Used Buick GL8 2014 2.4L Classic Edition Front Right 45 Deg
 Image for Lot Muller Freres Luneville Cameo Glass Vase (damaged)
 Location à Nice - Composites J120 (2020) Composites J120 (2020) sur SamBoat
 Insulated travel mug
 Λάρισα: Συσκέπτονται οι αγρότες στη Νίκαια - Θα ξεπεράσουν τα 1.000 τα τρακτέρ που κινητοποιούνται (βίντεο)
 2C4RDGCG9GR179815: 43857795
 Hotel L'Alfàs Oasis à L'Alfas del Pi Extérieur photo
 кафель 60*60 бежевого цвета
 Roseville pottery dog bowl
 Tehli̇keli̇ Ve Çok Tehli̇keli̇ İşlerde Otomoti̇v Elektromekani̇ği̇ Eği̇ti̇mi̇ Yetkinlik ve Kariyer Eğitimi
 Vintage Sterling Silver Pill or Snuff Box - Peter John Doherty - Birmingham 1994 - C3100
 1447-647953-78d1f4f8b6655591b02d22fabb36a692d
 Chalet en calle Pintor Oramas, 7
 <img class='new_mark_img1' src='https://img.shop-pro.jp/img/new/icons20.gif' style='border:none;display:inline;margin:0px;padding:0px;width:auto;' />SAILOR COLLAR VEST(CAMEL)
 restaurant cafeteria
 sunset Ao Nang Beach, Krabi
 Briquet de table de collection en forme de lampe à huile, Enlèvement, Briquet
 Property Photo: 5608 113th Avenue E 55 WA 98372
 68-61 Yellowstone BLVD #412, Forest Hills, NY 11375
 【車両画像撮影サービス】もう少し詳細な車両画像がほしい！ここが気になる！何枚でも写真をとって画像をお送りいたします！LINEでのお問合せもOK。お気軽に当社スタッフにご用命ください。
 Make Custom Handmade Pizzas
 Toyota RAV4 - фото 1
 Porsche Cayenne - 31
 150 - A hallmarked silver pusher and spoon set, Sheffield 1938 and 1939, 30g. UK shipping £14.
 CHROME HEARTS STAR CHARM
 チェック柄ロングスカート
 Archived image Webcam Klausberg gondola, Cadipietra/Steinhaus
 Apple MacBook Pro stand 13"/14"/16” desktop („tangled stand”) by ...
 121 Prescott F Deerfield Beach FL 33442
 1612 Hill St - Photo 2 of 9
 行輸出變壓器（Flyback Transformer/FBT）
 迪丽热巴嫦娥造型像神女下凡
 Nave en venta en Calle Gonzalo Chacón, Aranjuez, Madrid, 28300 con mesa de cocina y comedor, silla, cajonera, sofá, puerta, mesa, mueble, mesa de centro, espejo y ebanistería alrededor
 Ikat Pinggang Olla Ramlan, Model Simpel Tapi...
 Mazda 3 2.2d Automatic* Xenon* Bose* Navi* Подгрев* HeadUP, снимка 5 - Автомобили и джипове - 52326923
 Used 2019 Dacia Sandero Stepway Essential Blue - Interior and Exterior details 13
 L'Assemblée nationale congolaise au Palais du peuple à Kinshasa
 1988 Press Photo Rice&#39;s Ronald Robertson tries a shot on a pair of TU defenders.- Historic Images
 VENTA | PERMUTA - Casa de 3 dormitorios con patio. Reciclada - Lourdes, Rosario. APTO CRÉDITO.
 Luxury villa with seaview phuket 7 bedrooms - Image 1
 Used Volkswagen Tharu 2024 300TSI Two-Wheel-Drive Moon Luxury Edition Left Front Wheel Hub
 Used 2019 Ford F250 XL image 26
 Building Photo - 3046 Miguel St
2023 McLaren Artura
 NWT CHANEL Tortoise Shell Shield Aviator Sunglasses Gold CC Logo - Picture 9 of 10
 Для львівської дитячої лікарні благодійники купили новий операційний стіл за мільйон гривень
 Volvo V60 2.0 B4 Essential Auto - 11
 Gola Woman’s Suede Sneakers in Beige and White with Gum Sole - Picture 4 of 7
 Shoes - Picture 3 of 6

#####

Problem
Return the lines of the records that include the string "Picture".

Task output
 NWT CHANEL Tortoise Shell Shield Aviator Sunglasses Gold CC Logo - Picture 9 of 10
 Gola Woman’s Suede Sneakers in Beige and White with Gum Sole - Picture 4 of 7
 Shoes - Picture 3 of 6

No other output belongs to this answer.